WHAT IS NEEDED
Having located "Contemporary Home in Phoenix, AZ", write out its line and the remaining lines of the material exactly, the last one included, but not the pictures.

GIVEN DATA
========

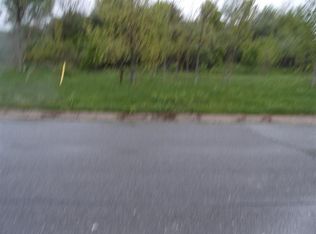 258 Westport Rd, Valparaiso, IN 46385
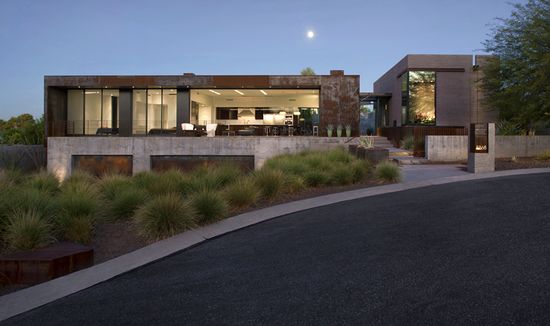 Contemporary Home in Phoenix, AZ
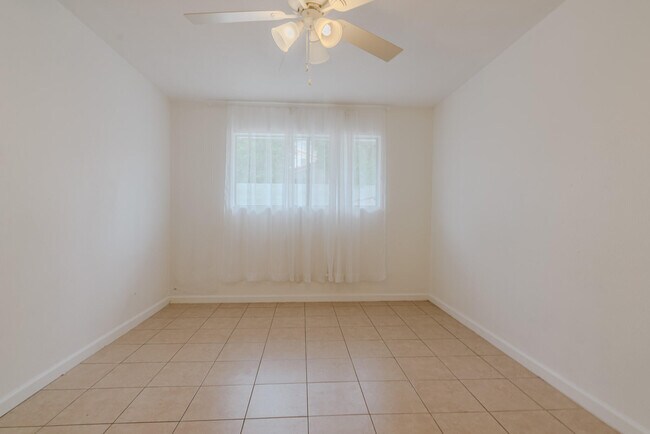 Building Photo - 52801 Avenida Alvarado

========

ANSWER TO THE PROBLEM
 Contemporary Home in Phoenix, AZ
 Building Photo - 52801 Avenida Alvarado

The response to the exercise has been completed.